----- Task inputs -----

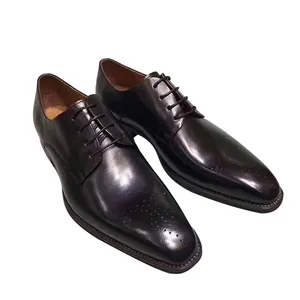 Zapatos de boda de estilo europeo para hombre, calzado de cuero negro a la moda, precio de fábrica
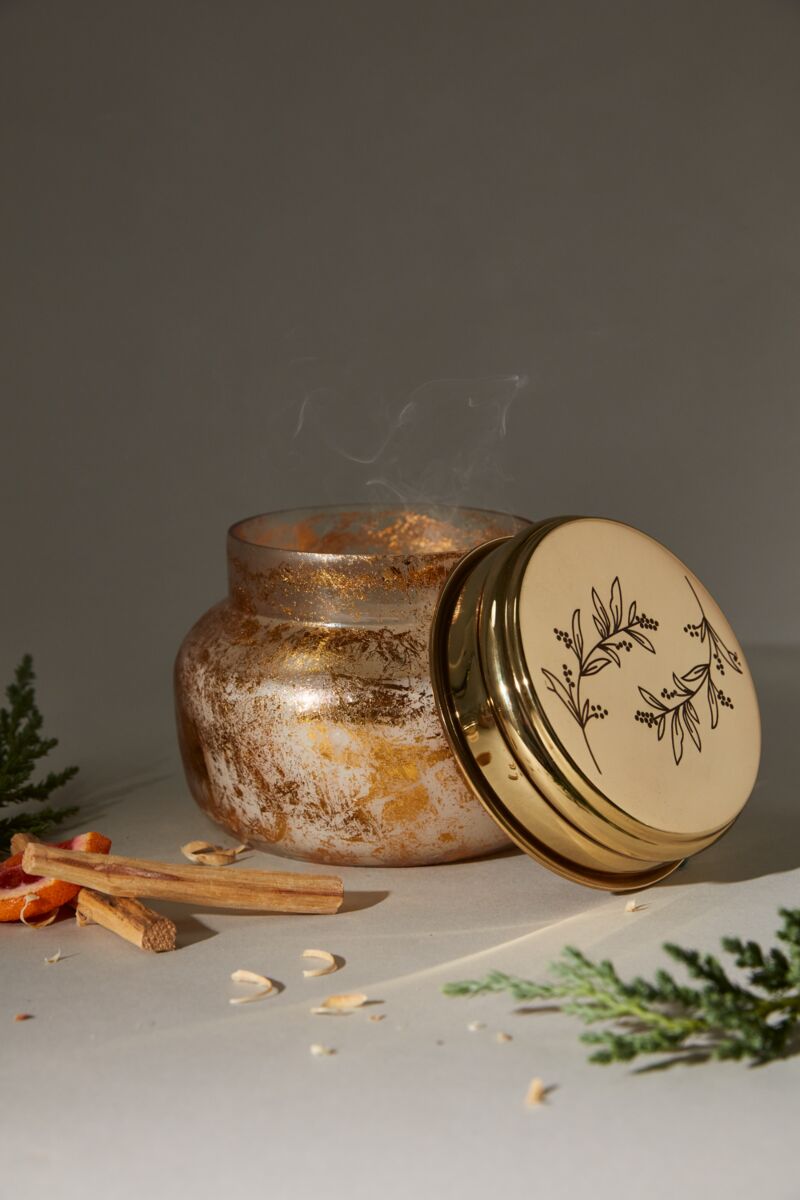 Design Shop Gold Enchanted Forest Candle, 6" X 5.25".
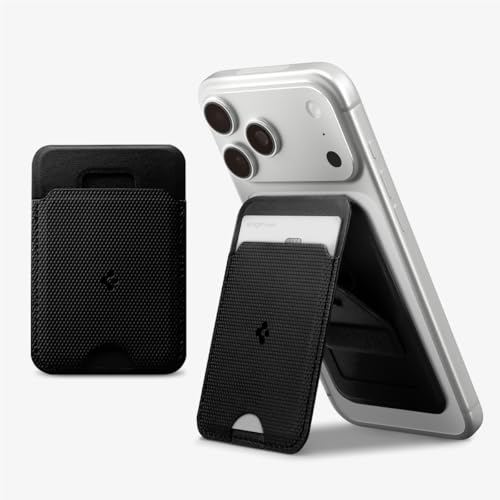 Spigen for MagSafe Wallet, Slim Fold (MagFit) Magnetic Wallet Card Holder Stand Compatible with iPhone 17/16/15/14/13/12 Pixel 10 Series MagSafe-Compatible Pixelsnap - Black (1-Card)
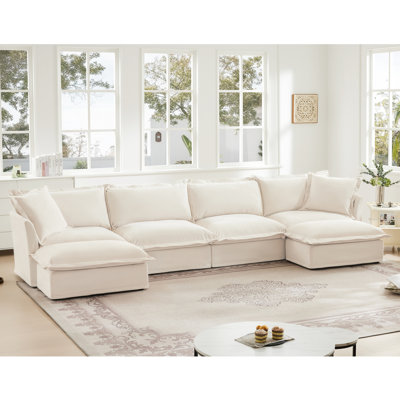 U Shape Sectional Couch, 4 Seater, Chenille Fabric, Deep Seat Comfy For Living Room, Elegant Design Seater , Couch Easy To Assemble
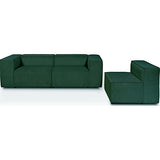 HOMIFAB Canapé modulable 4 Places en Velours côtelé Vert - Roma - Fabriqué en France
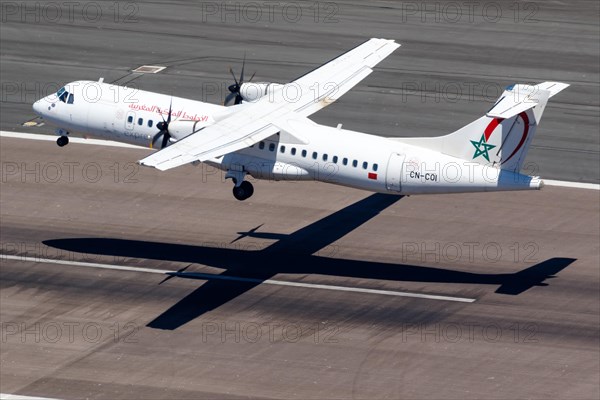 An ATR 72-600 of the Royal Air Maroc Express with the registration CN-COI takes off from Gibraltar Airport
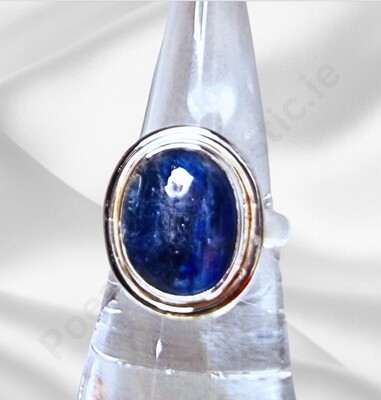 Kyanite Crystal Ring Oval Style 925 Sterling Silver "Soul Glow" 
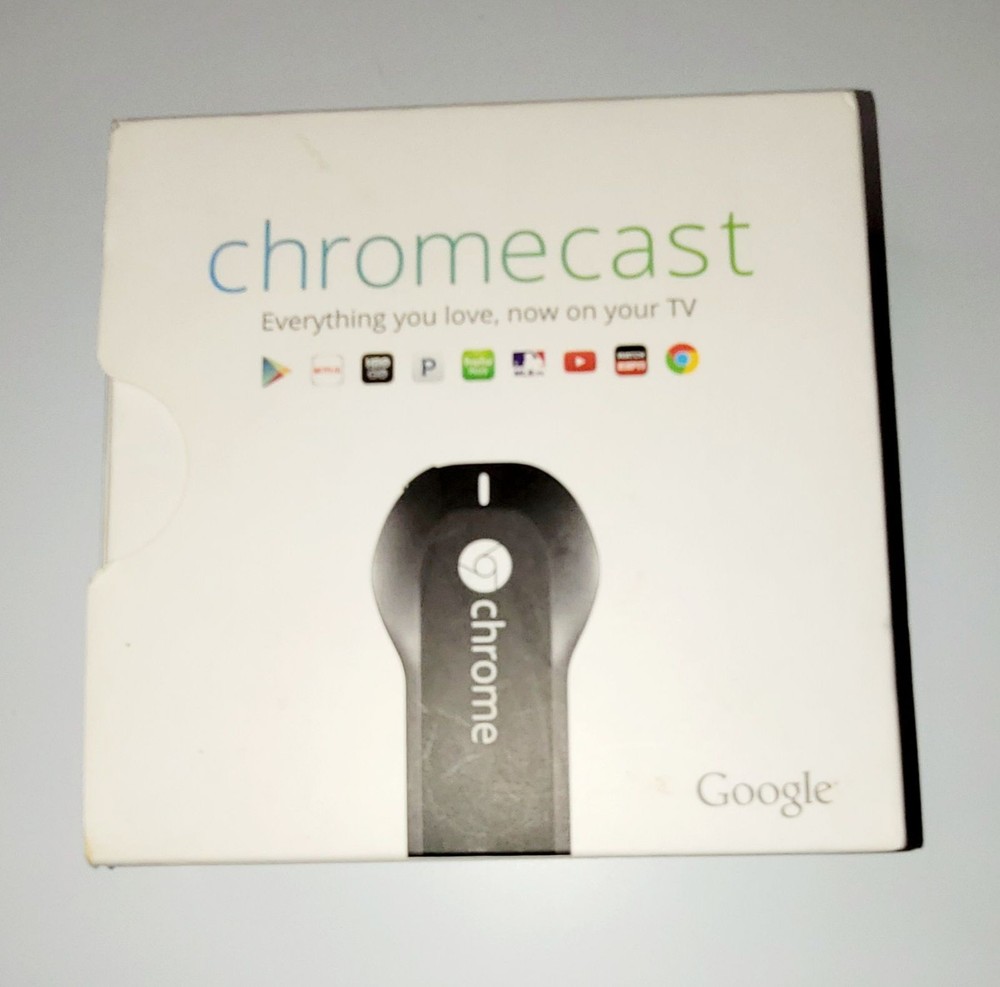 Google Chromecast HDMI Streaming Media Player Black 1st Gen USB Cable Boxed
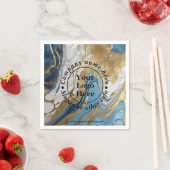 Blauw goud en wit marmer servet (Insitu)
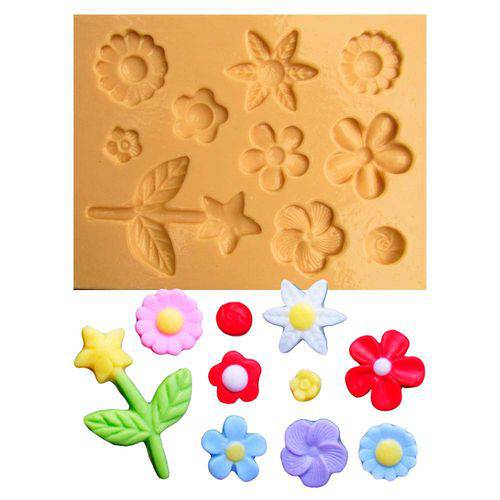 Tamanhos, Medidas e Dimensões do produto Molde de Silicone para Biscuit Casa da Arte - Modelo: Conjunto de Flores 1187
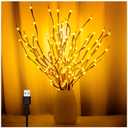 3PK 60" Led Branch Lights, Twig Lights, Lighted Branch for Vase, Willow Branches with USB Plug for Halloween Thanksgiving Day and Christmas,Warm White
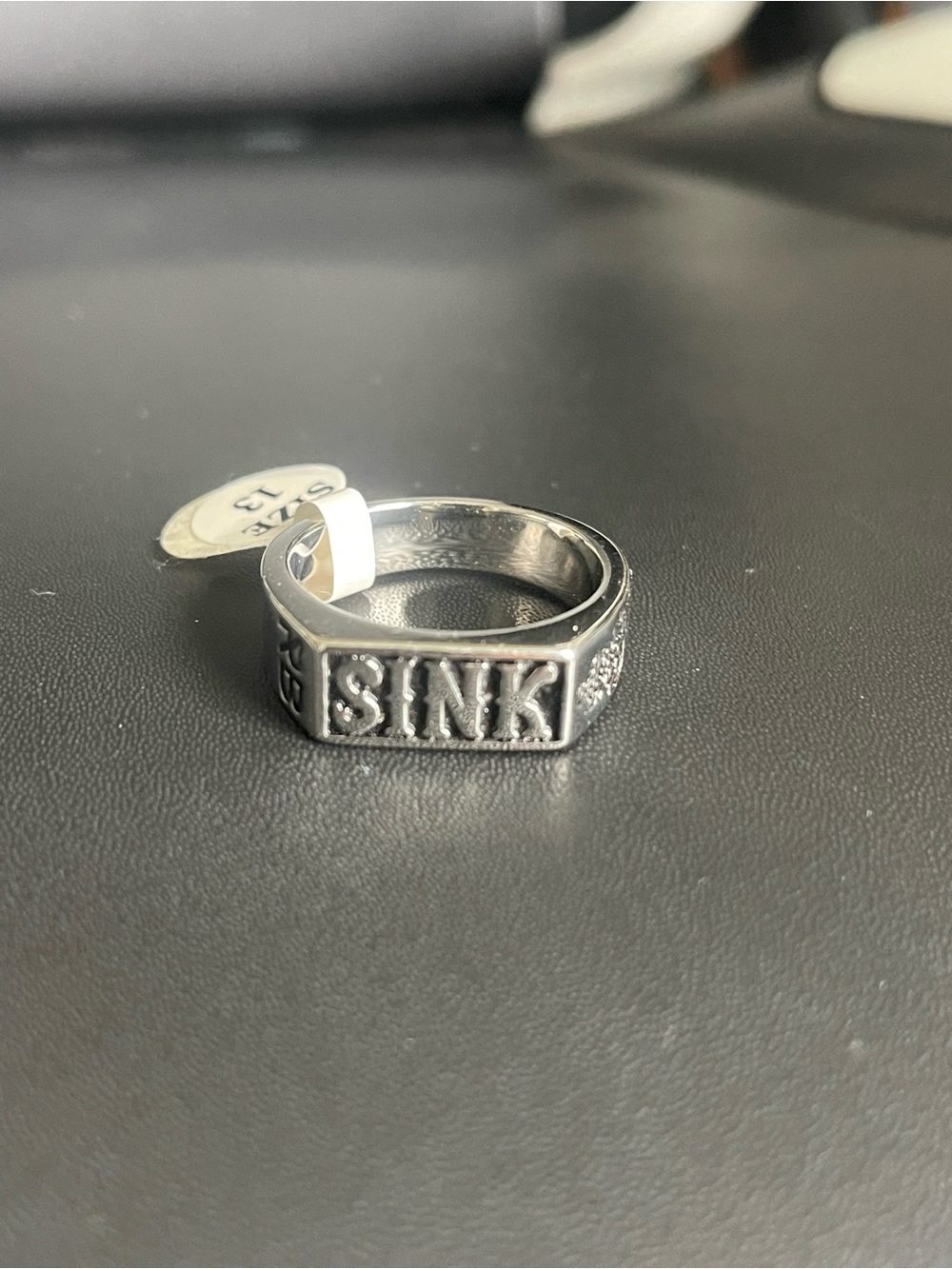 SINK Engraved Silver-Tone Men's Statement Ring
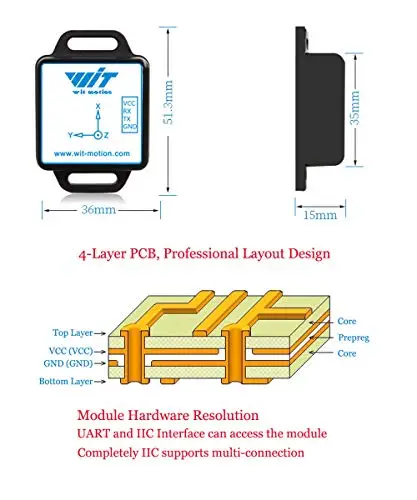 Witmotion-sensor de Ângulo + Aceleração + Giroscópio + Inclinômetro Multiconectado Eixos Modbus 9 Rs485 - Image 5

-----

• [About this task]: Above is a listing with pictures. Write it out exactly without them.

• [Task answer]:
 Zapatos de boda de estilo europeo para hombre, calzado de cuero negro a la moda, precio de fábrica
 Design Shop Gold Enchanted Forest Candle, 6" X 5.25".
 Spigen for MagSafe Wallet, Slim Fold (MagFit) Magnetic Wallet Card Holder Stand Compatible with iPhone 17/16/15/14/13/12 Pixel 10 Series MagSafe-Compatible Pixelsnap - Black (1-Card)
 U Shape Sectional Couch, 4 Seater, Chenille Fabric, Deep Seat Comfy For Living Room, Elegant Design Seater , Couch Easy To Assemble
 HOMIFAB Canapé modulable 4 Places en Velours côtelé Vert - Roma - Fabriqué en France
 An ATR 72-600 of the Royal Air Maroc Express with the registration CN-COI takes off from Gibraltar Airport
 Kyanite Crystal Ring Oval Style 925 Sterling Silver "Soul Glow" 
 Google Chromecast HDMI Streaming Media Player Black 1st Gen USB Cable Boxed
 Blauw goud en wit marmer servet (Insitu)
 Tamanhos, Medidas e Dimensões do produto Molde de Silicone para Biscuit Casa da Arte - Modelo: Conjunto de Flores 1187
 3PK 60" Led Branch Lights, Twig Lights, Lighted Branch for Vase, Willow Branches with USB Plug for Halloween Thanksgiving Day and Christmas,Warm White
 SINK Engraved Silver-Tone Men's Statement Ring
 Witmotion-sensor de Ângulo + Aceleração + Giroscópio + Inclinômetro Multiconectado Eixos Modbus 9 Rs485 - Image 5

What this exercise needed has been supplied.